The Overwatch situation is in reaction to a phenomenon that, at my current size, is something I’m very attuned to. Once you have hundreds of people interacting through chat and voice discord, the way dialogue is handled and how people interact with each other becomes just as important to the channel as the streamer him/herself. For no good explanation, conversations were negative and unfriendly. Fights would break out, trolls would be stronger, and even my discord audio chat started breaking the rules and talking politics. I have no idea why this game would generate this energy, but it was real. My channel has returned to normal now that I’ve removed that strange mojo-generating game! The unfortunate part of this story is Overwatch is incredibly fun to play. But I think it's important as a YouTube content creator to be aware of what's working or not and make hard decisions based on many factors.
7. You are very consistent when it comes to your schedule and making your fan base aware of it, especially during streams. How important is it to promote and stick to a schedule?
EXTREMELY IMPORTANT. The reason for this is that Youtube wants to marry up viewers with their best content. If you ALWAYS play a certain game, then YouTube is going to be comfortable recommending your channel to anyone who wants that game. I ALWAYS play GTA V on Friday nights. It's expected in my channel. If I take it off, even for one night, the amount of surprised, confused, frustrated viewers in chat is astounding. Humans are creatures of habit. The better you can cultivate that, the better your channel will be. Try to think of your live channel as a TV show with a set schedule.

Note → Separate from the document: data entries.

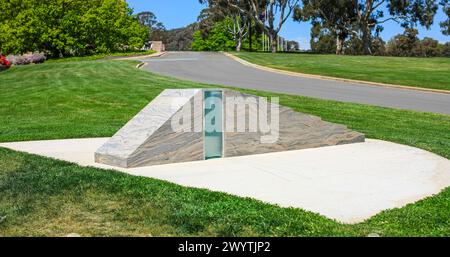 Canberra, Australia - 22 ottobre 2009: Sandakan Memorial, per riconoscere e ricordare coloro che sono morti durante la Sandakan Death march, Borneo, 1945. Foto Stock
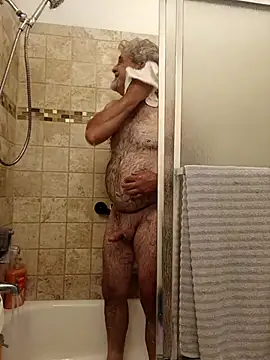 Snapshot of TTolbert chatting on 14, 10, 2025 TTolbert online show from 14, 10, 2025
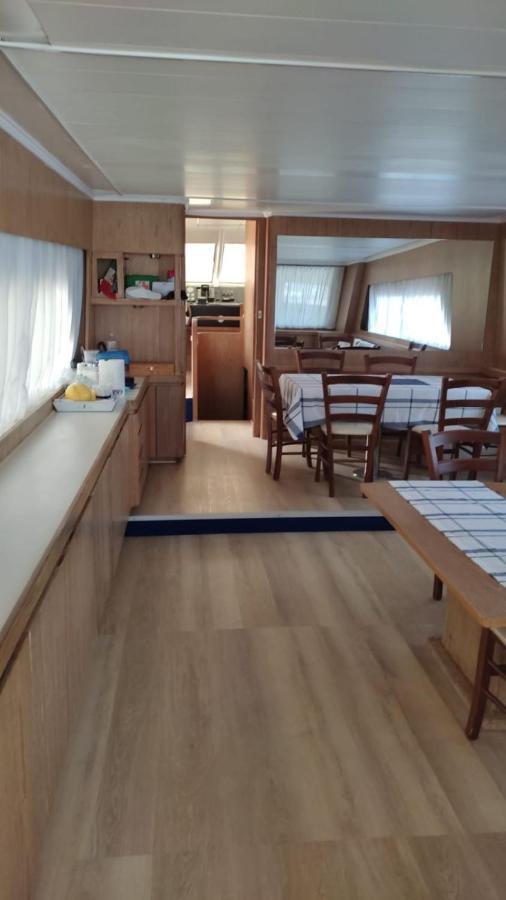 Boat & Breakfast Lucretia, Luxury Yacht Hotel อาร์บาตักซ์ ภายนอก รูปภาพ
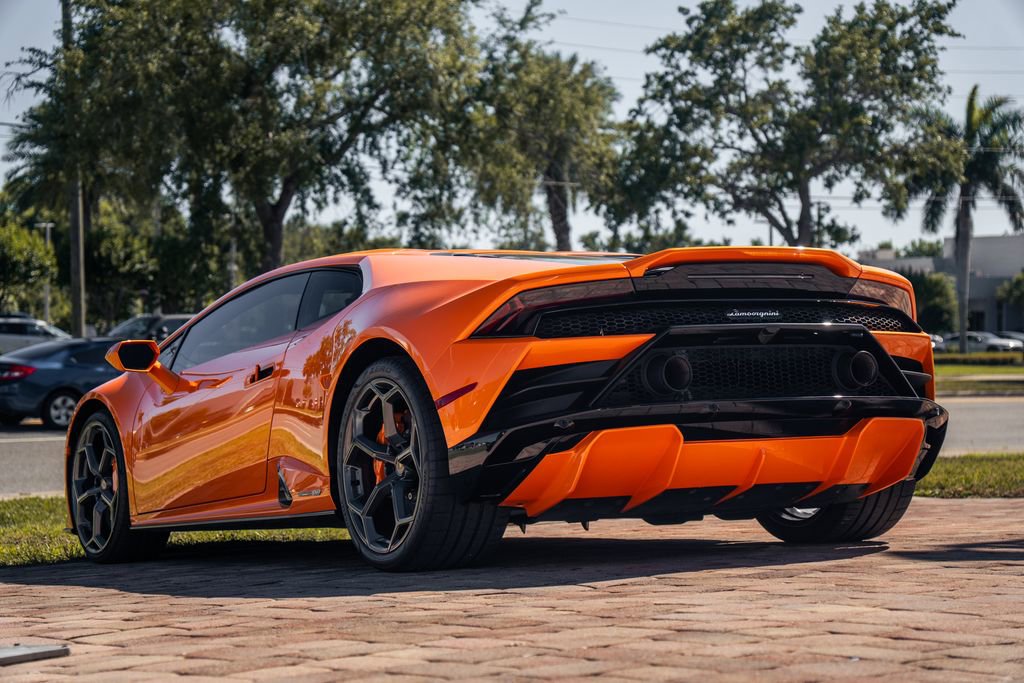 Used 2021 Lamborghini Huracan EVO RWD image 3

If you’re bouncing all around with different time slots, how are viewers going to find you again? Make it easy for them!
8. Your sudden growth in such a small amount of time is something many people would love to be able to achieve. Are there any specific marketing strategies you took to using to gain some traction that you would be willing to share with us?
#1 would be to be genuinely interested in what you're doing as well as enjoy other Youtubers and other streamers. Be honest with yourself. Are you doing this because you enjoy it, or because you want to be rich and famous? Create friends in this industry so they are interested in your content and you’re interested in theirs. Being genuine simply works across the board. If your actions come from a place of honesty, viewers and others will recognize your brand as something of value. Never try to be someone else and never try to force anything you don’t naturally feel is right.
Every time someone enters chat asking for tips, I say, “Do it for the love of games and streaming and never about the money.” I think too many creators enter into this seeing the million sub money generators of Markiplier or PewDiePie thinking THEY can do that, it looks easy. But if they are not coming from a place that's natural, they will burn out quickly. I started my channel without any thought of building a brand bigger then 500 subs. I was up late with my newborn son (2nd) and needed something to pass the time. I found gaming late night to be lots of fun and playing to viewers was like chilling with friends on a couch. I was so excited about 500 subs, I gave an Xbox One away! I had reached my biggest goal for YouTube. I feel I kept growing because my genuine love of the platform and love of entertaining naturally attracted viewers. Keep in mind, it's very hard work. Nothing is easy, but as a wise man once said: “Find something you love to do and you’ll never work a day in your life.”